Return the line that has "Hey, I'm Rick" and all lines below it through the last, exactly as they stand; omit pictures.
─── INFORMATION GIVEN ───
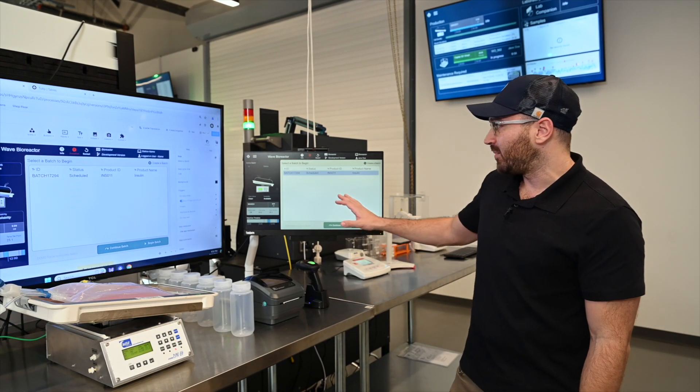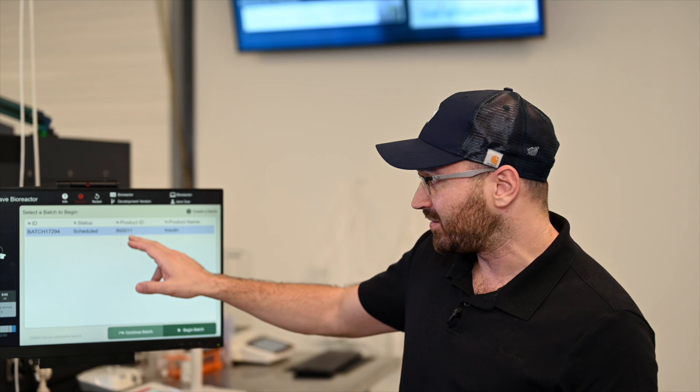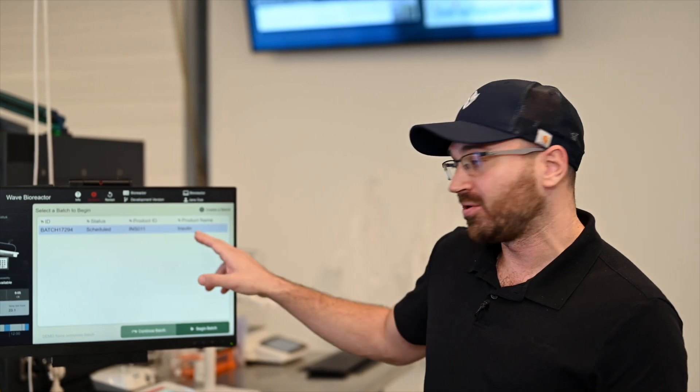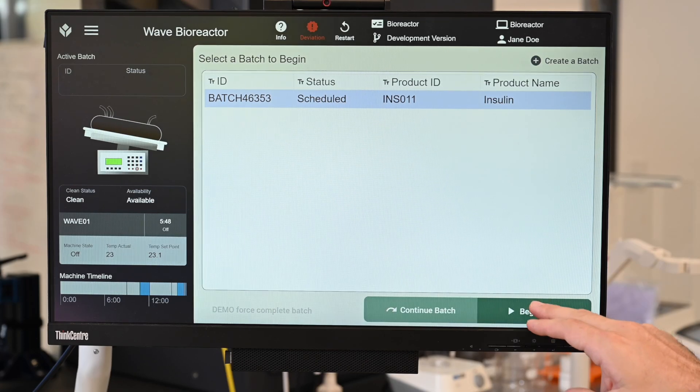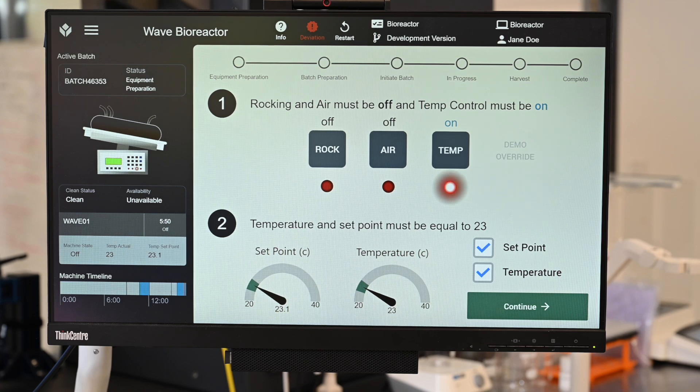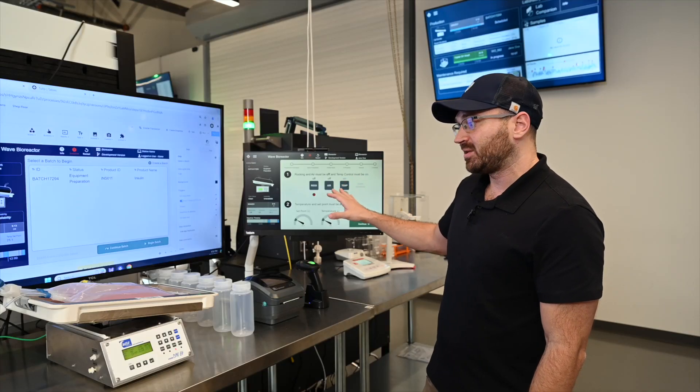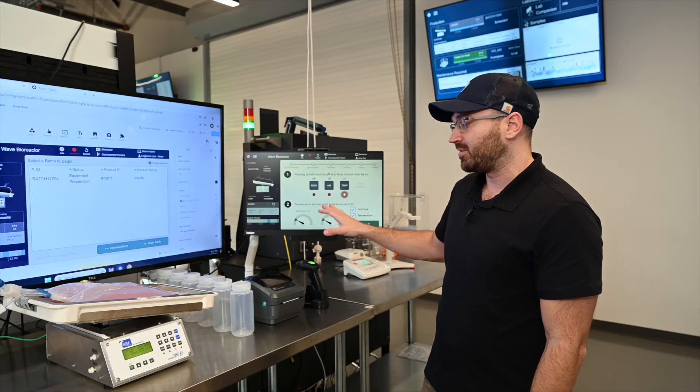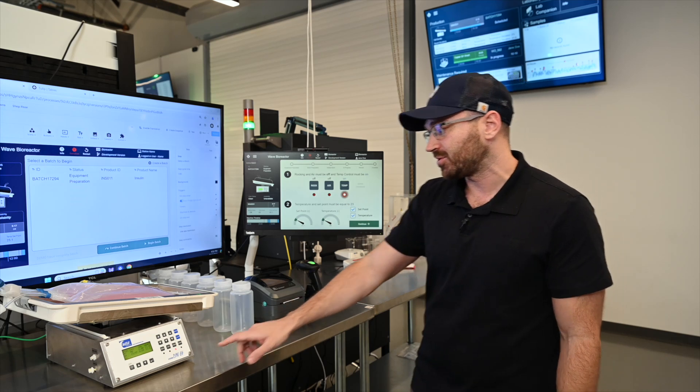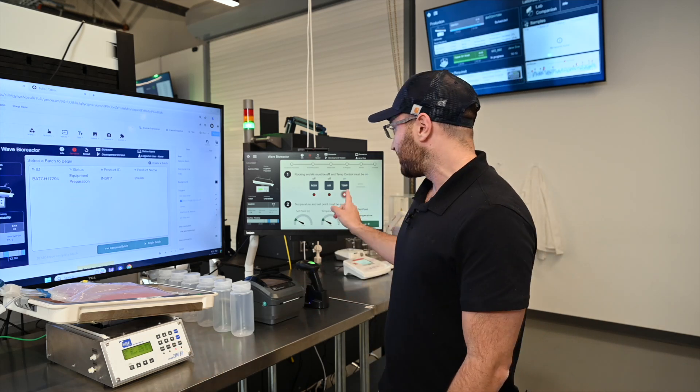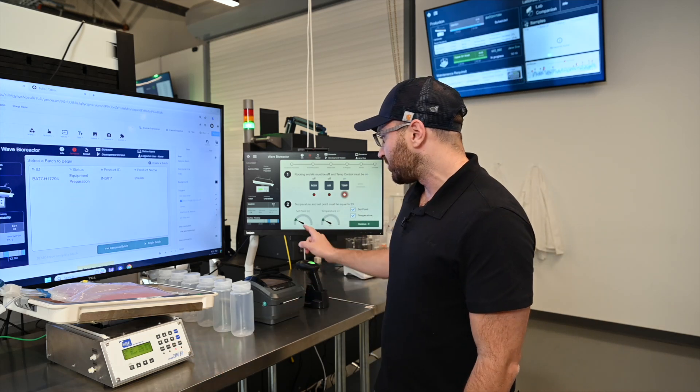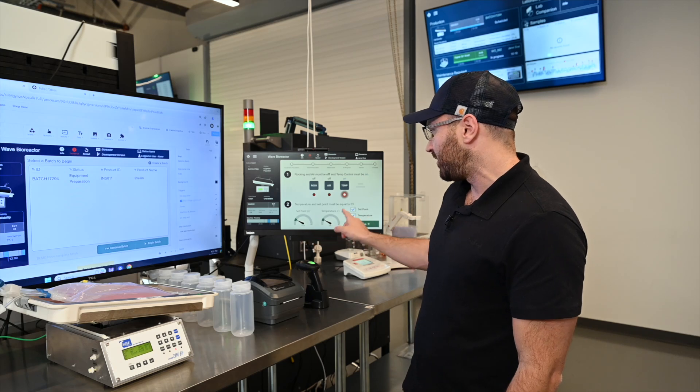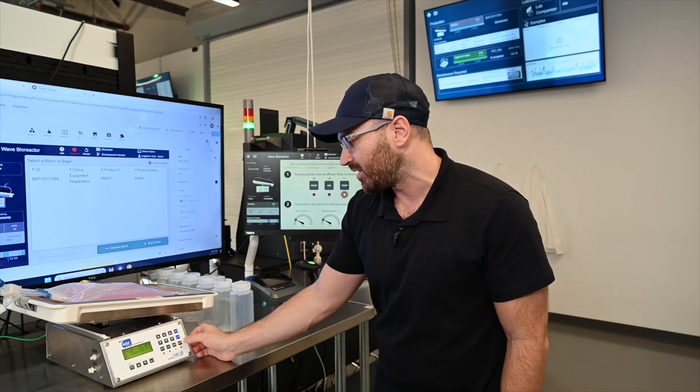So to begin this, I'm actually at the station and I can see that I have a batch that's scheduled. We're producing insulin, so I'm going to begin the batch here. We're connected to the wave bioreactor and this step is asking me to prepare my equipment. So the first thing I need to do is ensure that my temperature control is on, which it is, and the other controls aren't on. I also want to make sure that my set point is set to 23 degrees and the temperature is that way.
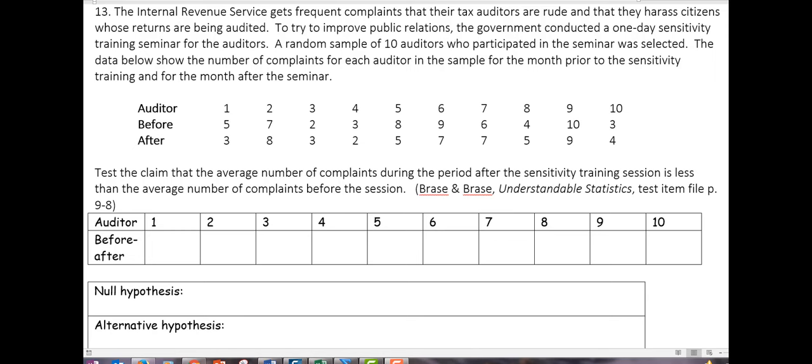Number 13: we're given a scenario about the IRS getting complaints about tax auditors being rude. They decide to put auditors through sensitivity training and then measure the number of complaints afterwards. We've got 10 different individuals and we have the number of complaints they had before versus after. This is a great example of a matched pairs set of data.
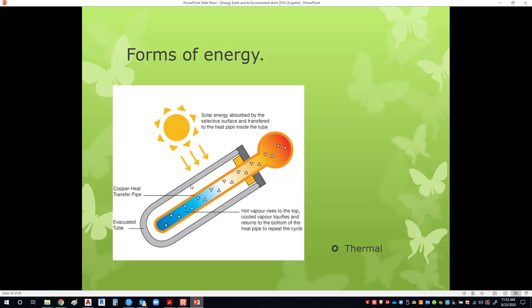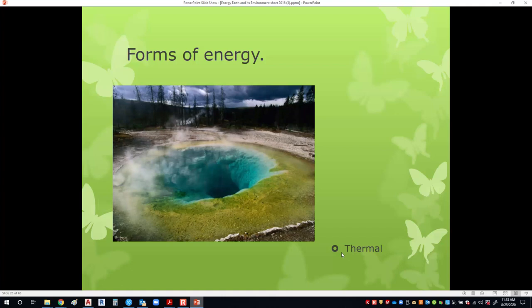We use the sun to heat up an evacuated tube that has a transfer fluid inside — it heats up from the sun, comes up, and the heat is pushed forward so we can run water around it and heat that water with the sun's energy. We also have geothermal power: the earth's iron core is extremely hot, and we have magma layers between the core and the crust. Sometimes water penetrates very deep down into the earth, receives this thermal energy, and pulls back up to the surface.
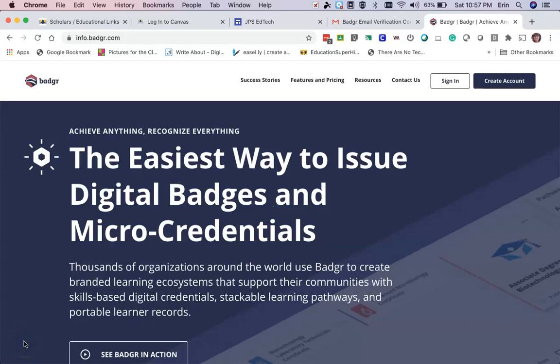Hello and welcome to this JPS quick tip video on creating a Badgr account so that you can print the certificates for the electronic badges you've earned in the JPS online PD courses. The first thing you need to do is create a free account in Badgr. The trick is to create the account using the same email address that you used to complete the courses in Canvas to earn your badges.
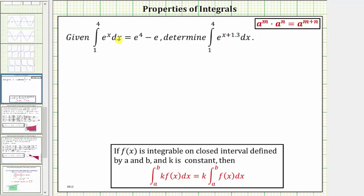We are given the integral of e to the x from one to four equals e to the fourth minus e. We are asked to determine the integral of e raised to the power of x plus 1.3 from one to four.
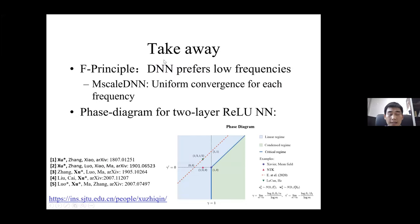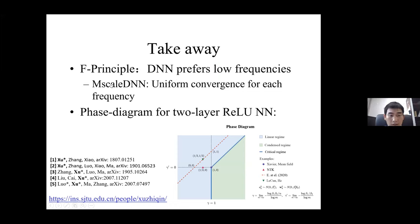In summary, the key takeaways are: the frequency principle showing low-frequency preference of deep networks, the multiscale network structure design based on this understanding, and the phase diagram for two-layer neural networks. More details can be found on my website.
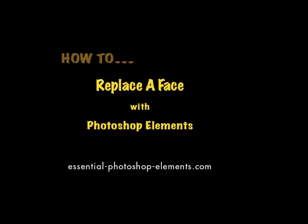Hey, I'm Rick from EssentialPhotoshopElements.com. In this video, I'm going to show you how you can swap faces from one photo to another.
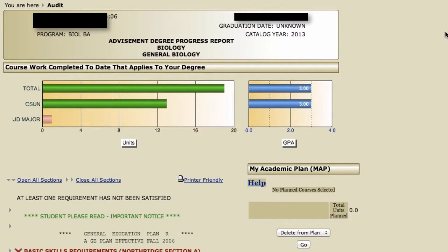Once you access your map, this is the top of the document that you'll see. At the top, you'll always see — and I understand that the information is blacked out to keep the student's anonymity — but you'll always see the date at the top, the student's name, your name, and your major.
───
REPLY TO THE TASK:
Hey, I'm Rick from EssentialPhotoshopElements.com. In this video, I'm going to show you how you can swap faces from one photo to another.
Once you access your map, this is the top of the document that you'll see. At the top, you'll always see — and I understand that the information is blacked out to keep the student's anonymity — but you'll always see the date at the top, the student's name, your name, and your major.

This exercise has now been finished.